OSHA published the Walking Working Surfaces (29 CFR 1910, Subpart D) and Personal Protective Equipment (29 CFR 1910 Subpart I)/Fall Protection Systems final rule on November 18, 2016. The agency revised and updated these general industry standards “to prevent and reduce workplace slips, trips, and falls, as well as other injuries and fatalities associated with walking-working surface hazards.”
Goals for OSHA’s New Final Rule
One of OSHA’s goals with this new rule is to increase consistency between the general industry and construction standards, which the agency says will make compliance easier for employers who conduct operations in both industry sectors. Other reasons cited by the agency for the changes are to update the requirements to mirror advances in technology; to harmonize them with updated OSHA standards and national consensus standards; and to use performance-based language to give employers greater flexibility in the implementation of their regulations.
OSHA estimates that approximately 202,066 lost-workday injuries and 345 fatalities occur every year among workers impacted by the final standard, and that the new rule will prevent 5,842 of these lost-workday injuries and 29 of these fatalities annually.
One improvement cited by OSHA is that the new rule offers employers the flexibility to protect workers from falling to a lower level by using personal fall protection systems (personal fall arrest, travel restraint and work positioning systems) instead of requiring the use of guardrail systems as a primary means, which the prior rule mandated.
While there are a number of updates made to the general industry, here are some of the highlights. However, the new rule does not affect the construction or agricultural standards.
Personal Fall Protection System Performance and Use Requirements (§1910.140)
The new rule requires worker protection from fall hazards that are at least four feet above a lower level, and establishes requirements for fall protection in specific situations, such as hoist areas, runways, areas above dangerous equipment, wall openings, repair pits, stairways, scaffolds and slaughtering platforms. It also establishes requirements for the performance, inspection, use and maintenance of personal fall protection systems.
Phase-In of Ladder Safety Systems or Personal Fall Arrest Systems on Fixed Ladders (29 CFR 1910.28(b)(9))
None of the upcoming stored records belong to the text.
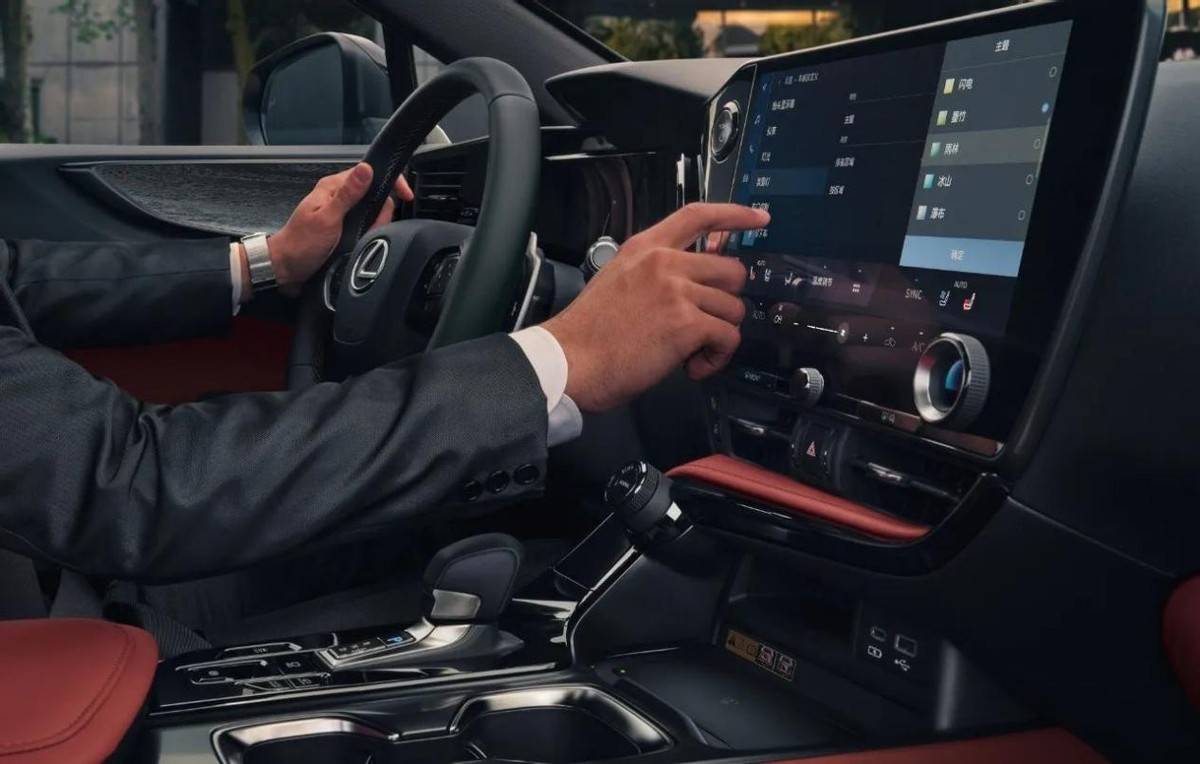 新雷克薩斯NX:聚焦用戶(hù)體驗(yàn) 拔高匠心鑄就的豪華新境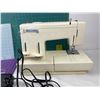 Image 3 : Kenmore 17820 Sewing Machine with Rotary Mats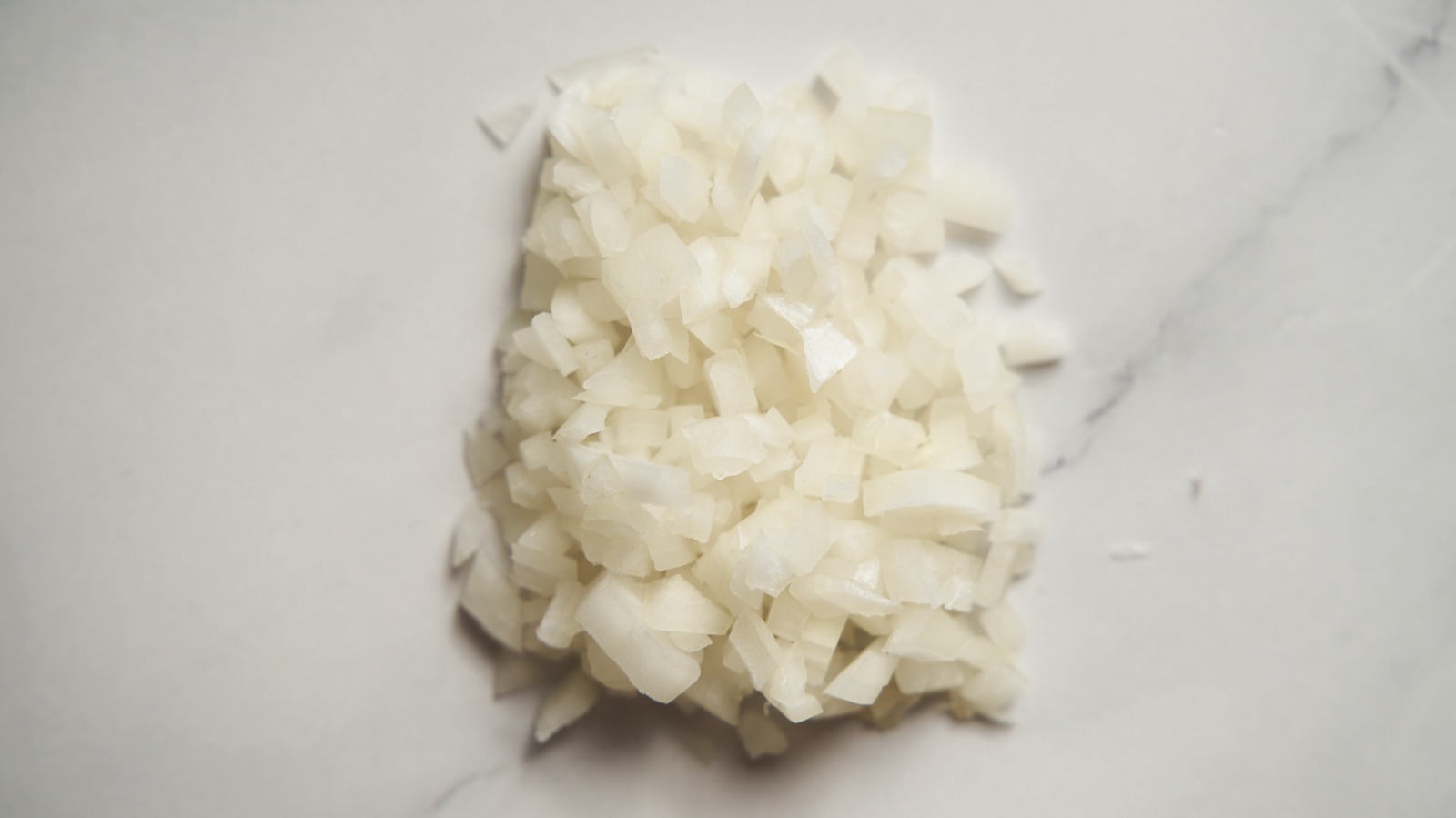 Here's How To Get Those Tasty Little Minced Onions From McDonald's At Home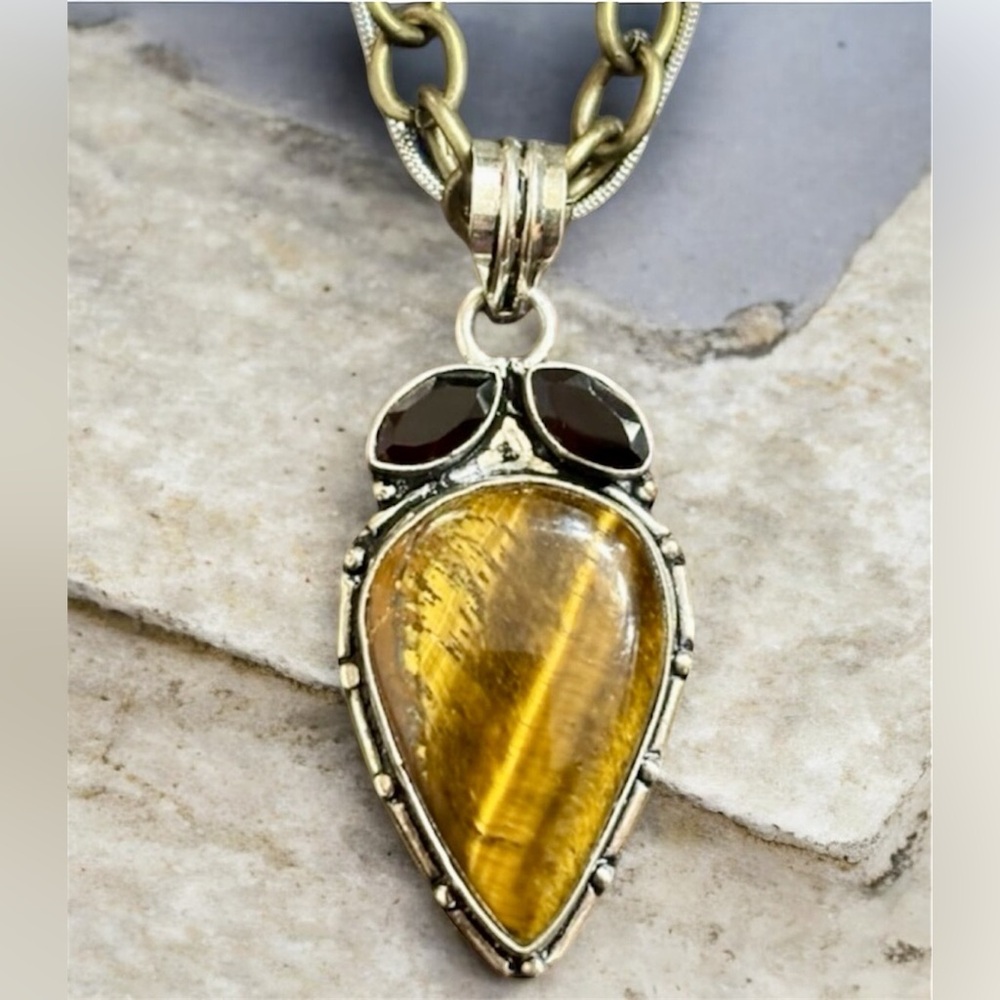 Elegant Silver and Gold 925Stamped Tiger’s Eye Pendant on a DoubleChain Necklace - Picture 2 of 9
Fixed ladder requirements are phased in where employers should have ladder safety or personal fall arrest systems for ladders that extend more than 24 feet, and phases out the use of cages or wells for fall protection following the time line for compliance below.
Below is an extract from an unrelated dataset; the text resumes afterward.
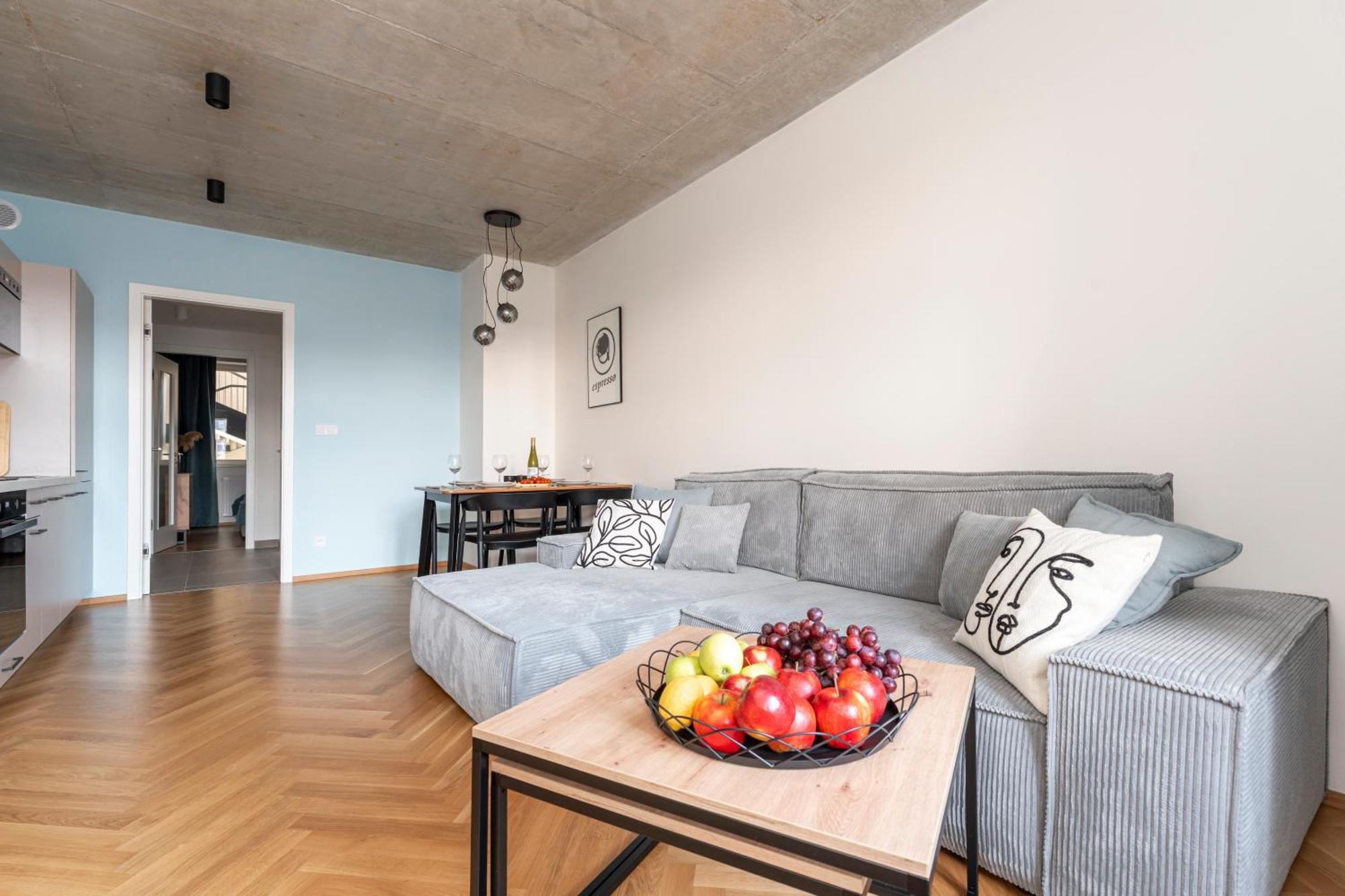 Visit Oomph Praha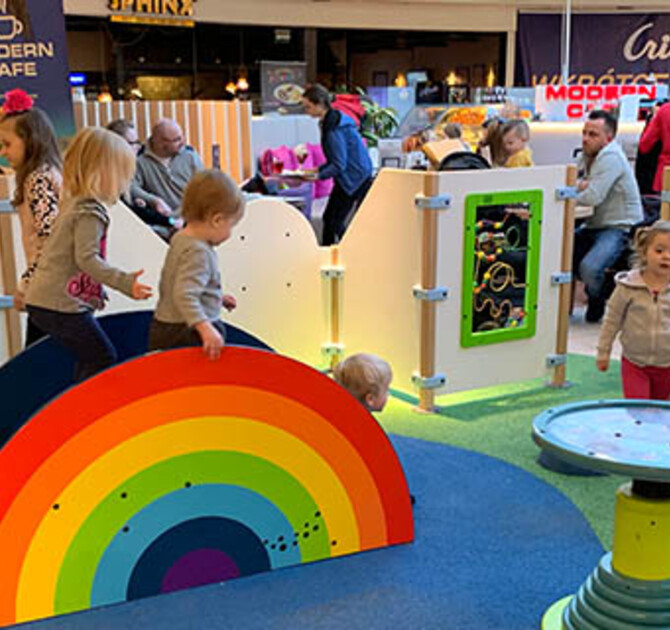 kinderhoek met glijbaan in retail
For portable ladders, rungs and steps should be slip resistant. Portable ladders used on slippery surfaces should be secured and stabilized; not moved, shifted or extended while a worker is on them; and the top steps and caps of stepladders should not be used as steps. Portable ladders should not be fastened together to provide added length unless designed for such use, and they should not be placed on boxes, barrels, or other unstable bases to obtain added height.
Rope Descent Systems (RDS) and Certification of Anchorages (29 CFR 1910.27(b))
Rope Descent Systems (RDS) now have a 300-foot height limit, and building owners are required to affirm, in writing, that permanent building anchorages used for RDS are tested, certified and maintained as capable of supporting 5,000 pounds for each attached worker.
Training (29 CFR 1910.30)
Worker training is a big deal in the new rule. The rule includes a requirement that employers train their workers who use personal fall protection and work in other specified high hazard situations. A qualified person should train these workers to correctly identify and minimize fall hazards, use personal fall protection systems and rope descent systems, and maintain, inspect and store equipment or systems used for fall protection.
Time line for Compliance
Most of the rule became effective January 17, 2017, but some provisions have delayed effective dates, including:
May 17, 2017
- Training exposed workers on fall hazards.
- Training workers who use equipment covered by the final rule.
November 17, 2017
- Inspecting and certifying permanent anchorages for rope descent systems.
November 17, 2018
- Installing personal fall arrest or ladder safety systems on new fixed ladders over 24 feet and on replacement ladders/ladder sections, including fixed ladders on outdoor advertising structures.
- Making sure existing fixed ladders over 24 feet, including those on outdoor advertising structures, are equipped with a cage, well, personal fall arrest system, or ladder safety system.
November 17, 2036
- Replacing cages and wells (used as fall protection) with ladder safety or personal fall arrest systems on all fixed ladders over 24 feet.
OSHA has published a Frequently Asked Questions web page to help employers understand the new rule. Knowing the new rule requirements as well as the time line of effective dates can help you keep your walking working surfaces and equipment safer for your workers.